Studio album by Leonard Nimoy
- Released: February 1968
- Genre: Outsider music, spoken word, pop, country, novelty, filk
- Label: Dot
- Producer: Charles R. Grean, George Aliceson Tipton

Leonard Nimoy chronology
| Leonard Nimoy Presents Mr. Spock's Music from Outer Space (1967) | Two Sides of Leonard Nimoy (1968) | The Way I Feel (1968) |

= Two Sides of Leonard Nimoy =

Two Sides of Leonard Nimoy is Leonard Nimoy's second album released shortly after Music from Outer Space.
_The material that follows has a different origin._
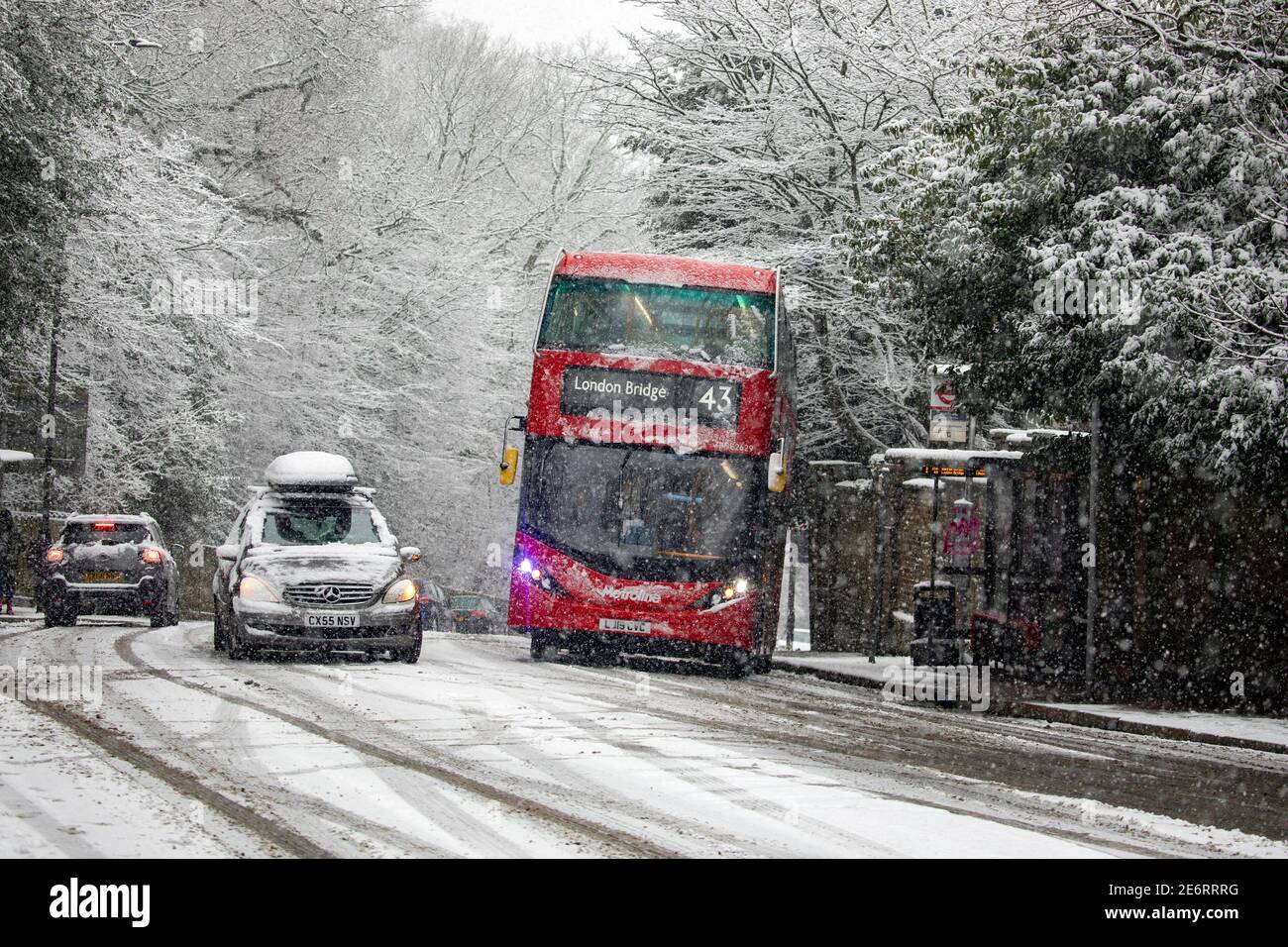 PIC Shows: Snow hits Highgate in North London 2021 picture by Gavin Rodgers/ Pixel8000 Foto Stock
It was released in early 1968 by Dot Records and reached 97 on the US album chart.

==Background==
The album is a continuation of the "Spock and Space" sound on which Nimoy embarked on his debut album. Side one showcases the side fans know as Mr. Spock but in a softer light, along with his struggle between being human and Vulcan. Side two represents Nimoy's interests in a variety of songs: novelty, pop, country and love songs.
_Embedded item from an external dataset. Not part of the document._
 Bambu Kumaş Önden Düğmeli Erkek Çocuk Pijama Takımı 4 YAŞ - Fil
Side one of this album is presented on the Varèse Sarabande Records 1995 reissue of Leonard Nimoy Presents Mr. Spock's Music from Outer Space.

Professional ratings
Review scores
| Source | Rating |
| Allmusic | link |

==Track listing==
===Side one===
1. "Highly Illogical" (Charles R. Grean, Fred Hertz)
2. "The Difference Between Us" (Cy Coben)
3. "Once I Smiled" (Grean, Leonard Nimoy)
4. "Spock Thoughts" (Grean, Max Ehrmann¹)
5. "By Myself" (Howard Dietz, Arthur Schwartz)
6. "Follow Your Star" (Grean, Hertz)
7. "Amphibious Assault" (Grean, Mason Williams)

===Side two===
1. "The Ballad of Bilbo Baggins" (Grean)
2. "Cotton Candy" (Cliff Ralke)
3. "Gentle on My Mind" (John Hartford)
4. "Miranda" (Bart Howard)
5. "If I Were a Carpenter" (Tim Hardin)
6. "Love of the Common People" (John Hurley, Ronnie Wilkins)

==Production==
- Produced by Charles R. Grean and Tom Mack
- Arranged and conducted by Charles R. Grean
- The lyrics of "Spock Thoughts" are in fact the prose poem "Desiderata" by Max Ehrmann.